Normally, the lock file is always cleaned up, and then the additional submission will proceed. However, if the submit machine shuts down or loses power while a submission is ongoing, the lock file is not cleaned up. When running the submit script after that, you will keep on seeing a message like this:

Submission lock file <some file path> exists, another submission must be ongoing.
Waiting for the submission lock file to disappear...

When you are sure that no other submission is ongoing, delete the lock file located at <some file path> and the submission will proceed.

You get ERROR: No credential stored for <user>@<domain> but did store your credentials

Try to submit again. It might be a transient error.

If not, you may have recently changed your password and need to store your user credentials again with condor_store_cred add (see above).

The script does not progress

The output may be blocked. On Linux, this can happen on account of entering CTRL-S, enter CTRL-Q to unblock. On Windows, this may happen when clicking on the Command Prompt window. Give the window focus and hit backspace or enter CTRL-Q to unblock it. To get rid of this annoying behavior permanently, right-click on the Command Prompt title bar and select Defaults. In the dialog that appears, in the Options tab, deselect QuickEdit Mode and click OK. After doing so, you can left-click and drag to select text in the Command Prompt window only after first entering CTRL-M or selecting the Edit → Mark menu item.

Seeding jobs remain idle and then abort through the PeriodicRemove expression

This can happen when you have already submitted ongoing runs with very many jobs, more than configured by the MAX_JOBS_RUNNING configuration parameter which on machines with much memory defaults to 2000. If you really need to submit that many jobs, set MAX_JOBS_RUNNING to a higher value in the condor_config.local file of the HTCdonro installation on your submit machine. You can check this configuration value by issuing condor_config_val MAX_JOBS_RUNNING.

Another likely possibility is that the cluster is not collecting the seed jobs on account of a confused networking state. This can happen when your machine has hibernated for example. Resolve this by restarting the Condor background processes on the submit machine. You can do so by issuing condor_restart -master from a command prompt. If thereafter submission still fails in the same way and you have administrator/root rights on the submit machine, you can instead try restarting the Condor service via the Services application on Windows or via systemctl restart condor.service on Linux. If you have no administrator/root rights, try rebooting the submit machine.

Alternatively, the machine you submit from may be announcing itself with a wrong domain, the local domain for example. This prevents remote access so that jobs cannot be collected. To check whether the submit machine has announced itself wrongly, issue the condor_q command. The output should contain the hostname and domain of your machine. If the domain is local or otherwise weird the issue is likely present. This too can be resolved by restarting the Condor background processes on the submit machine (see above).

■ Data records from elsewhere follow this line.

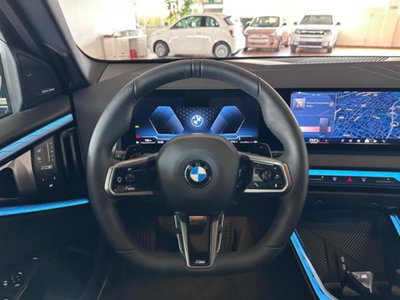 BMW X3 xdrive20d MSport auto (10)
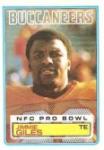 Jimmie Giles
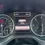 Thumbnail: Mercedes-Benz A 180 CDI Euro : 6 Diesel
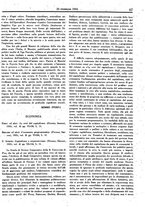 giornale/TO00190161/1934/unico/00000073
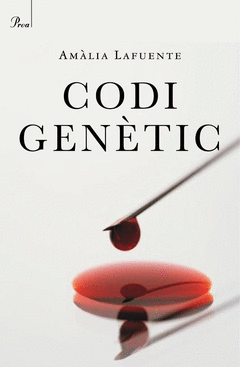 CODI GENETIC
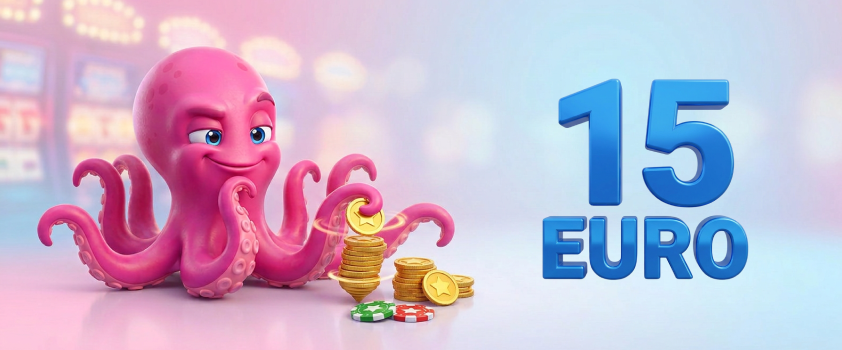 dobrysygnal bonus bez depozytu 15 euro baner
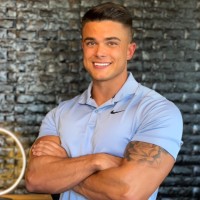 Coached Employee Yusuf Richardson's profile photo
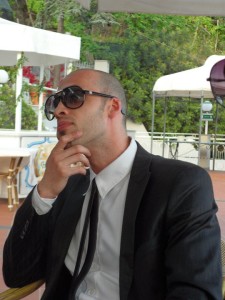 seo-specialist-giuseppe-pastore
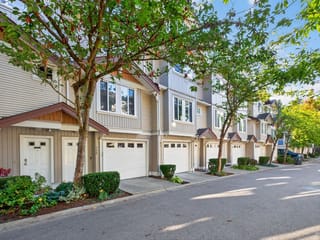 Townhouse for sale in Surrey, Surrey, 112 12711 64 Avenue, 263068259 | Realtylink.org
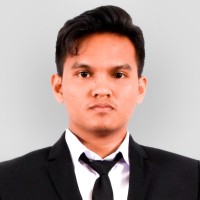 Fikry Oktavino Ismi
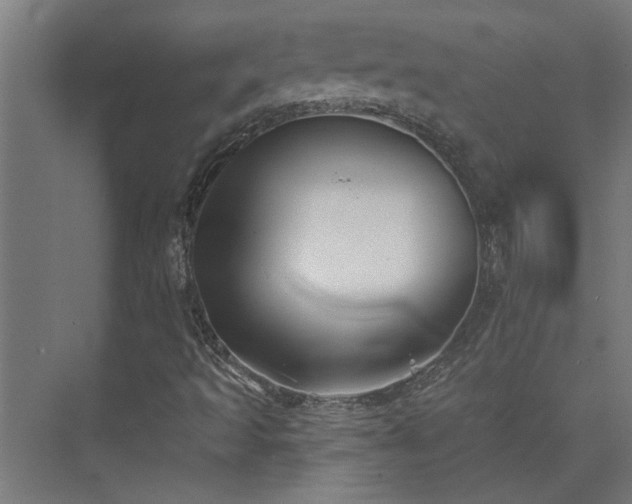 X0000074261493200608251212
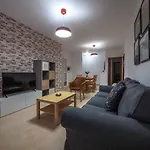 Casa Mina * Frontera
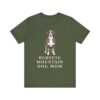 Bernese Mountain Dog Mom Shirt, Vintage Dog Sketch Tee, Dog Mom Gift Bernese Mountain Dog Mom Shirt, Vintage Dog Sketch Tee, Dog Mom Gift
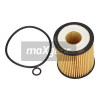 MAXGEAR Olajszűrő MAXGEAR 26-0893
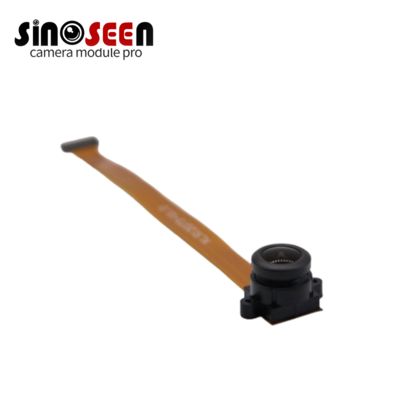 Módulo de cámara MIPI OV9281 con obturador global 1280x800 para visión artificial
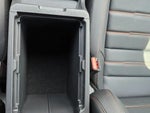 2026 CR-V Hybrid Thumbnail 16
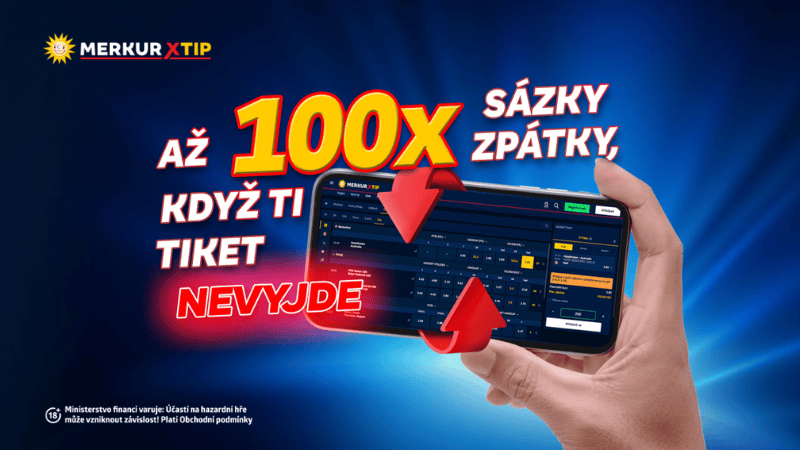 Merkurxtip cashback bonus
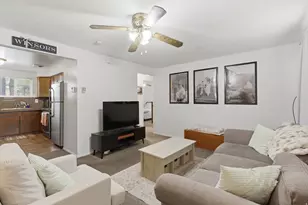 1171 S 100 E, Orem, UT 84058 - Photo 12
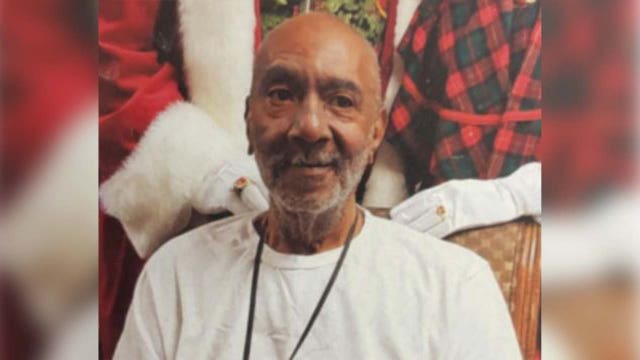 Missing elderly man last seen in Austin found safe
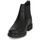 Chaussures Homme Boots Timberland EK STORMBUCKS CHELSEA Noir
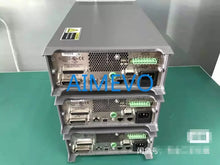 Load image into Gallery viewer, Keithley 2611B System SourceMeter 200 V 10 A Source Meter - ZYYKZ Test Equipment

The cluster may not be collecting your jobs on account of an outage in one of the central services. Check if your colleagues can run jobs. If not notify your cluster administrator.

Another possible reason is that your cluster administrator has not given you submit access to the cluster yet. Ask your cluster administrator to provide access / white-list you. However, if you have successfully submitted jobs before, read on because the cause is likely different.

Possibly the entire cluster is fully occupied and the execution points have not been properly configured to always accept seeding jobs by the Condor administrator. Use condor_status -submitters to check availability and occupation.

Seeding jobs stay in the running state indefinitely

This can occur on account of outdated state such as a stale IP address being cached by HTCondor daemons. Stop the script, invoke condor_restart -schedd, and try to submit again. You can also try to stop the script, restart the Condor service, and try to subnmit again. Restarting the service can be done via the Services application on Windows or via systemctl restart condor.service with root privileges on Linux.

Seeding fails or jobs go on hold without producing matching .log files

When seeding or regular jobs produce no .log files in a subdirectory of CONDOR_DIR there are three likely causes:

  • The pool credentials are not stored or outdated. Store the pool password again using condor_store_cred -c add and retry. Ask your cluster administrator for the pool password.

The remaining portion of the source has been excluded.